Упрямое, гордое лицо. Казалось, эти губы и железным ломом не разомкнуть. Наконец он открыл рот.
– Боюсь, что так, – сказал он. – Только на время, пока я не найду что‑нибудь.
Она смотрела в его затуманенные глаза диким взглядом, голос ее прозвучал высоко и нетвердо.
– Может быть, – сказала она, – ты и сумеешь, душа моя, не дать мне потратить деньги, которые называешь моими, на тебя, но на ребенка я их потрачу!
Он покачал головой, виноватый, страдающий и неподатливый.
– Пусть так, – сказал он. – Но ты опозоришь меня этим.
Они сверлили друг друга взглядами, как враги. Она кусала губы, чтобы унять их дрожь, она чувствовала, как с лица сходит краска, и Оливер начал таять и расплываться перед ней из‑за слез. Громадного, мучительного усилия стоило ей уступить его гордости, это было как отречься от чего‑то дорогого.

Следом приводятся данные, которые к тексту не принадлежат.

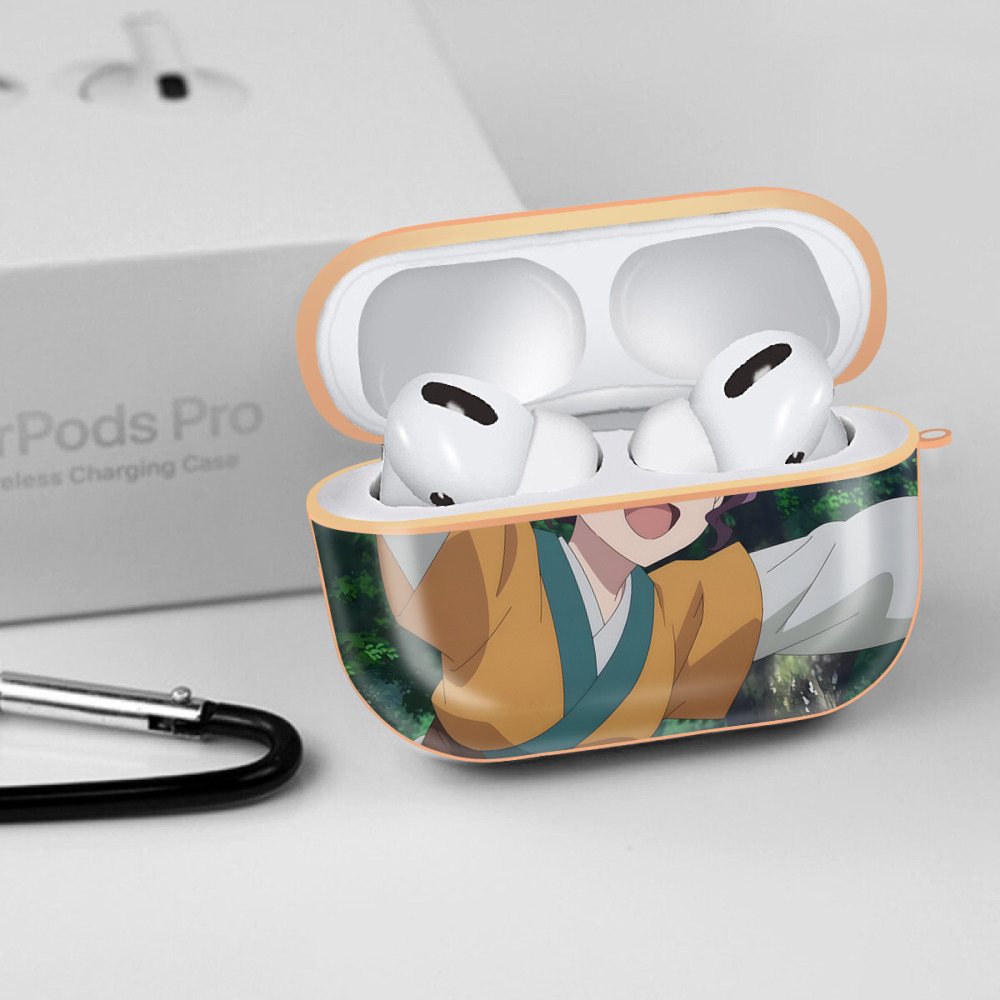 薬屋のひとりごと The Apothecary Diaries 【AirPods Pro用】ハードシェル保護ケース｜耐衝撃・防指紋・カラビナ付き商品仕様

– Хорошо, – сказала она и повторила, справляясь с перехваченным дыханием: – Хорошо. Если, душа моя, ты иначе не можешь.
Вне себя от волнения, она ходила взад-вперед по веранде, опустив голову, закусив костяшку пальца. Поворот, другой, третий, а он стоял, молча смотрел; и всякий раз в конце веранды она поднимала голову и окидывала взором панораму, и всякий раз, повернув, проходила мимо гамака. Горькой насмешкой казалось ей, что сейчас так тяжела мысль о расставании с этим местом, где всего год назад она не раз, рука в руке, сидела с Оливером, побеждала скорбные слезы, тосковала по дому и Огасте, разрывалась от чувств, настолько же невозвратимых из‑за расстояния, насколько они были неисцелимы. Краем глаза, проходя мимо двери, она видела черные дверцы франклиновой печи, которая была их очагом.

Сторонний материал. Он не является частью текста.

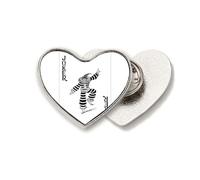 Broche de metal con diseño de corazón y diseño de cartas negras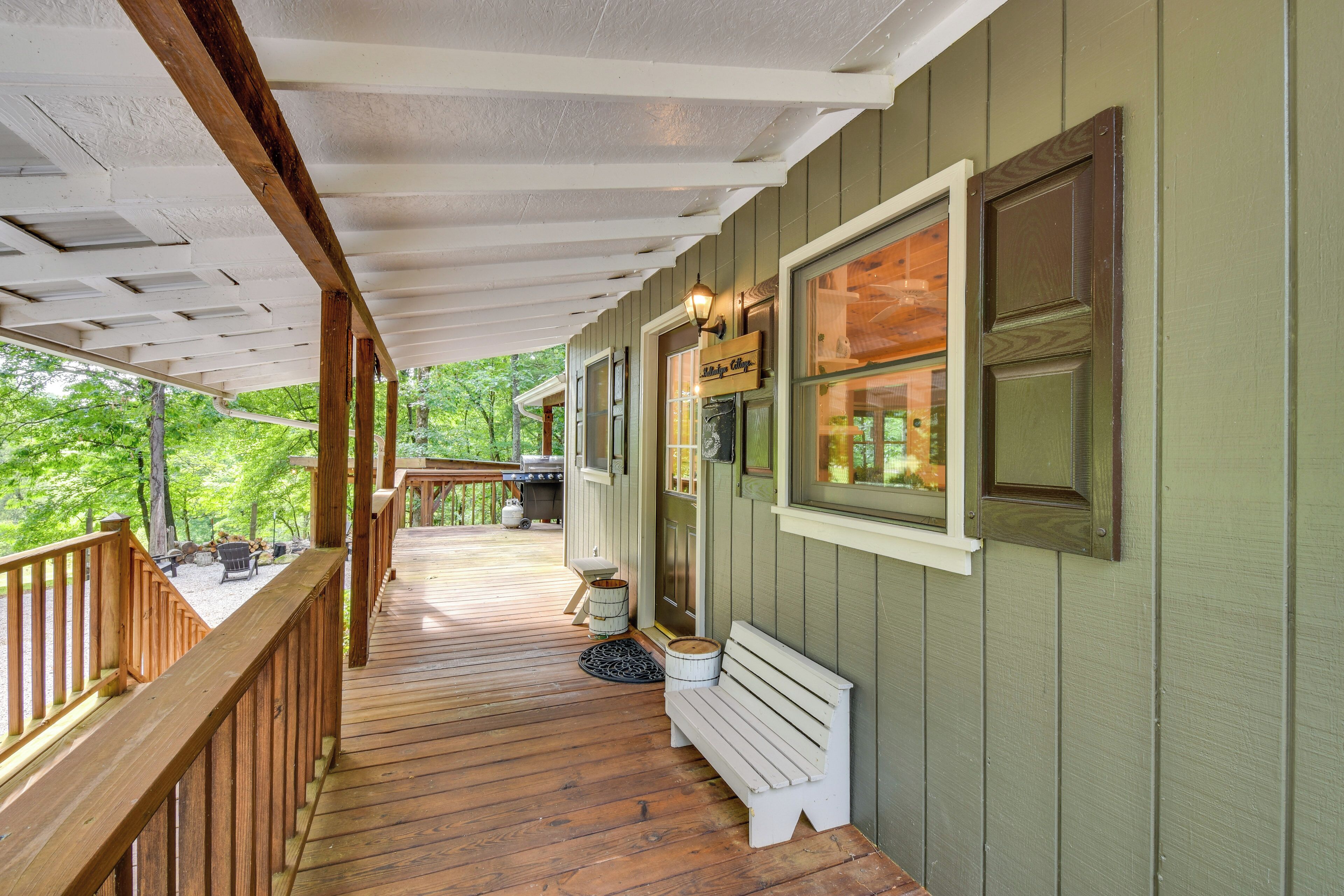 House (2 Bedrooms) | Interior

Прощай, печь, и прощаться так же больно, как думать о мертворожденном ребенке. Сентиментально? Разумеется. Пронизано приторной англо-американской идеей родного дома, пропитано засасывающими представлениями о моногамии и Высшем Предназначении Женщины, промаслено цитатами из поэтов домашнего очага. Да, весь набор. Но я нахожу, что не склонен ее упрекать за эти чувствования. Понятие о доме, о жилище способны сполна оценить только нации бродяг, проникнуться им могут только выкорчеванные с корнем. Что еще человек стремится заложить в диком месте, на передовом рубеже? Какая утрата бьет больнее? Так что я не буду ухмыляться девяносто лет спустя, глядя, как бедная бабушка ходит по веранде туда-сюда, кусает палец и горюет об утрате того, в чем за год не вполне перестала видеть свое изгнание. Для меня это трогательное зрелище. Она как Ева на фреске Мазаччо, более несчастная, чем Адам, потому что он‑то может изобрести лук, стрелы и копье, а ей остается лишь пытаться сотворить за пределами Эдема несовершенное подобие того, что утрачено. И не без чувства вины вдобавок. Она хоронит это признание под гневом и отвращением к Кендаллу и его прихвостням, но раньше или позже она его сделает: она была слишком горда, она держалась особняком и этим способствовала краху.